_WHAT TO PRODUCE_
All that is wanted is a word-for-word retyping of the lines from the one containing "Dark orange circular minimalist roulette." through the end of the material below.

_INPUT DATA_
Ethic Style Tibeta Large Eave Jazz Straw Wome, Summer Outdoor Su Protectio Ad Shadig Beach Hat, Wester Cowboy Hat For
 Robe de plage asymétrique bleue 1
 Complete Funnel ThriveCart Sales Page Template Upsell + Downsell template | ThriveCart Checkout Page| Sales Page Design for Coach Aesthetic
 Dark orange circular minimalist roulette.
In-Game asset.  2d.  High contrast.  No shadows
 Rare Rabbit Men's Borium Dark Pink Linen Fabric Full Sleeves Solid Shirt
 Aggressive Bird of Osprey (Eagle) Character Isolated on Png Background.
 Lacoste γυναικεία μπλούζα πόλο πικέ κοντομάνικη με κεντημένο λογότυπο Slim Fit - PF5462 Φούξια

_SOLUTION TO THE EXERCISE_
 Dark orange circular minimalist roulette.
In-Game asset.  2d.  High contrast.  No shadows
 Rare Rabbit Men's Borium Dark Pink Linen Fabric Full Sleeves Solid Shirt
 Aggressive Bird of Osprey (Eagle) Character Isolated on Png Background.
 Lacoste γυναικεία μπλούζα πόλο πικέ κοντομάνικη με κεντημένο λογότυπο Slim Fit - PF5462 Φούξια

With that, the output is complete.